# building a deer hunting shack, any suggestions?



## jaredm_22 (Jul 8, 2006)

Hey guys, my dad and I are currently building a hunting shack. The base is 6' by 6' and it's 7' tall. The outside will be plywood and the inside will be old wood paneling. Just wondering what color we should paint it? I'm thinking the interior should be a dark color, but looking for input on what color to paint the interior and exterior? The shack will be set up against trees along the edge of a field. Would it be worthwhile to make a camo pattern on the outside?

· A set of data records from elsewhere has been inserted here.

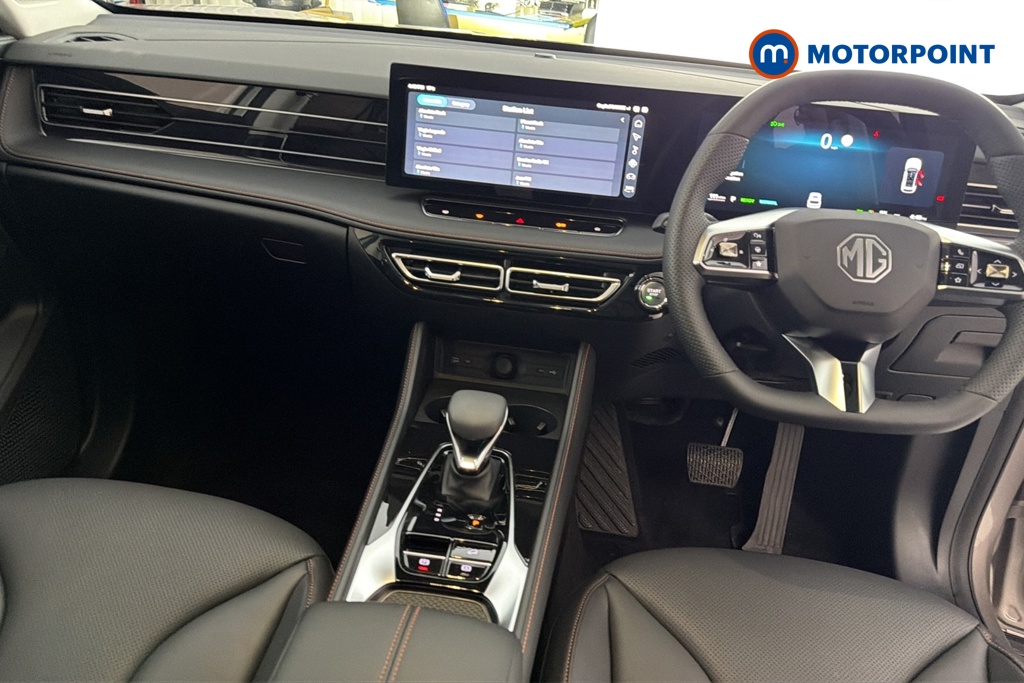Mg Motor Uk HS Trophy Automatic Petrol-Electric Hybrid SUV - Stock Number (1683392) - 1st supplementary image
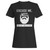 Excuse Me Miss, My Eyes Are Up Here Woman's T-Shirt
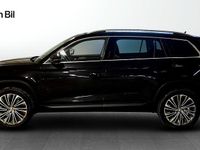 Begagnad Skoda Kodiaq Style 190 HK (139 kW) 2022 Svart SUV
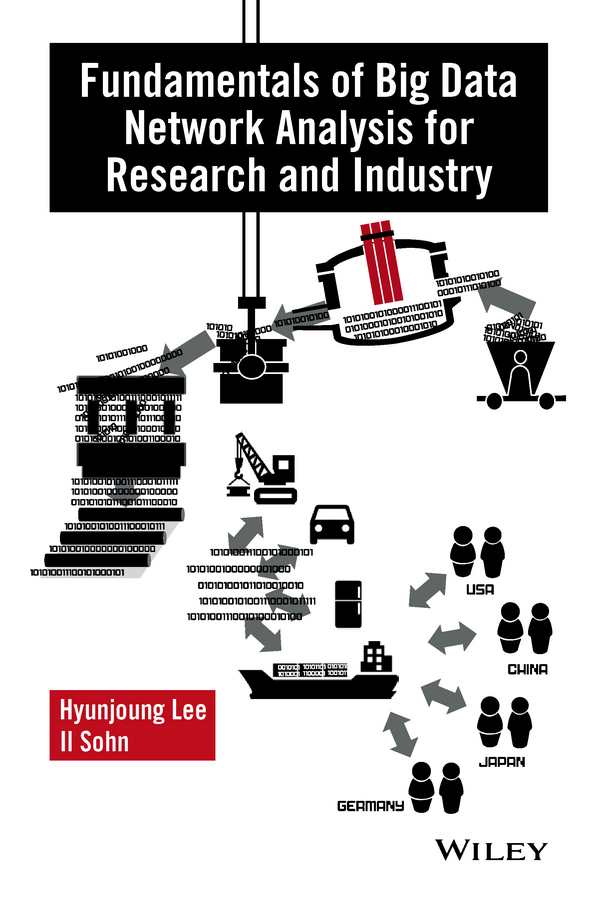 Обложка книги «Fundamentals of Big Data Network Analysis for Research and Industry»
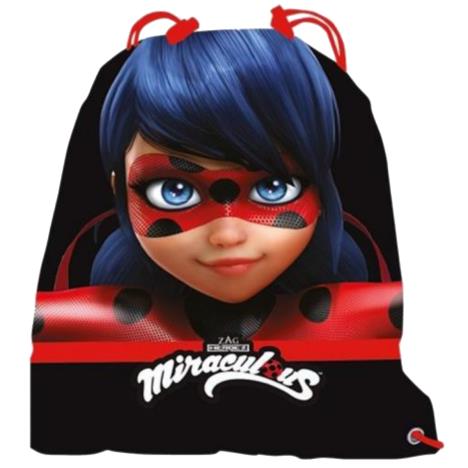 Miraculous Ladybug Drawstring Bag £1.89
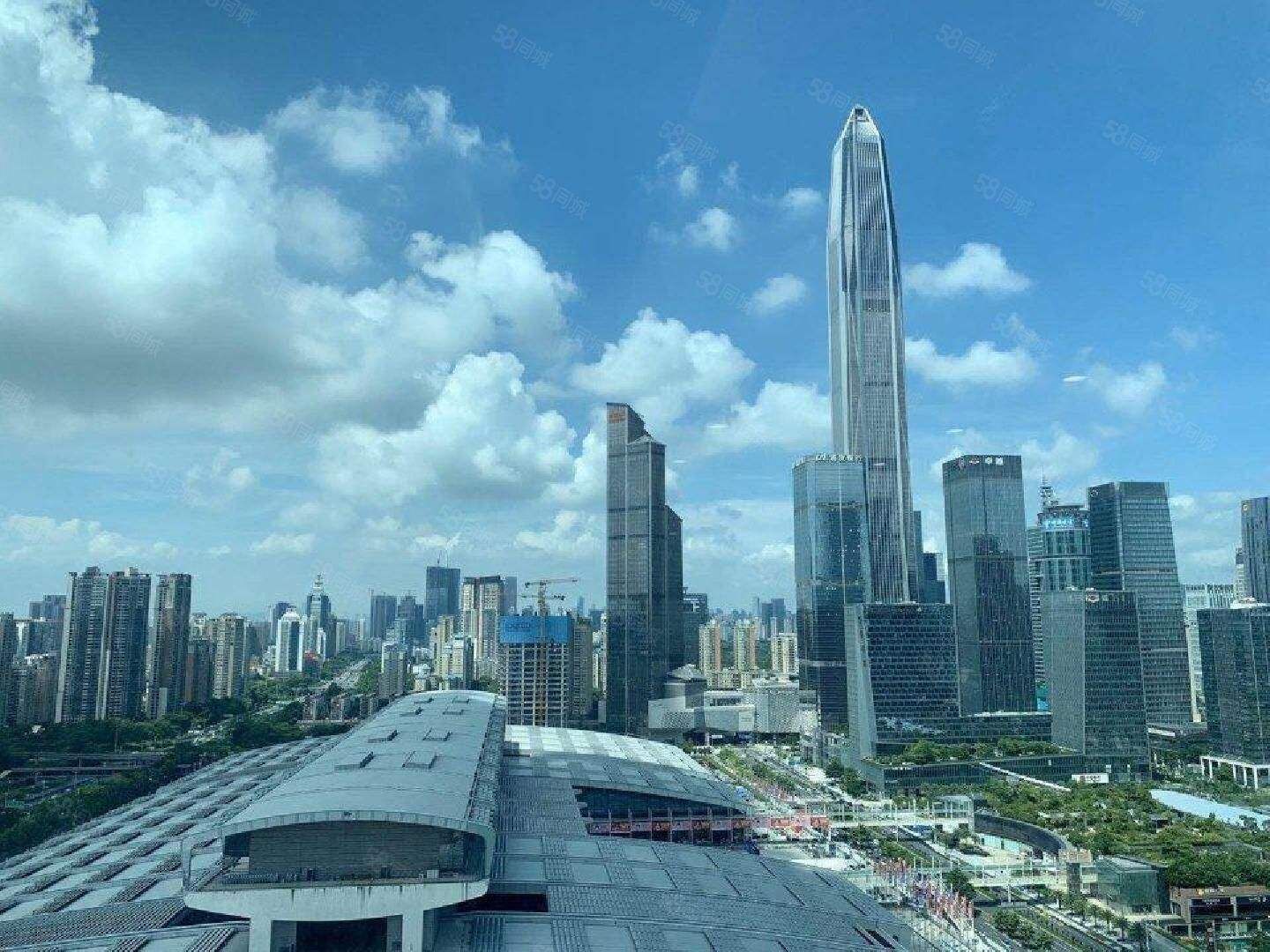 深圳福田皇岗商务中心写字楼简介丨写字楼招商(图3)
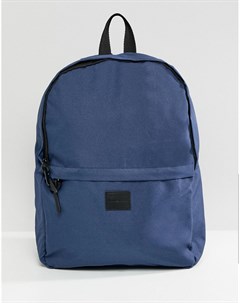 Темно синий рюкзак Asos design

Any suggestions are appreciated, thanks!


----------



## Sasha and Abby (May 11, 2004)

Place it where you can get to it and leave it without alerting the deer - stane placement is mucho important.


----------



## barebackjack (Sep 5, 2006)

Your not gonna hide something that 6x6x7. Id paint it neutral colors, mostly just to keep it from deteriorating.


----------



## mike landrich (Jul 5, 2008)

As barebackjack said, neutral colors, but, since its against trees, I'd paint some vertical stripes to imitate the tree trunks.


----------



## jaredm_22 (Jul 8, 2006)

thanks for the suggestions guys! keep 'em coming, will be painting this coming weekend or the next


----------



## pat_est (Sep 5, 2008)

i would paint the inside black and put carpet on the floor and up the sides where you would rest your gun to keep the sound down and put up a couple of j hooks to hang you bow from if you use it to bow hunt out of any


----------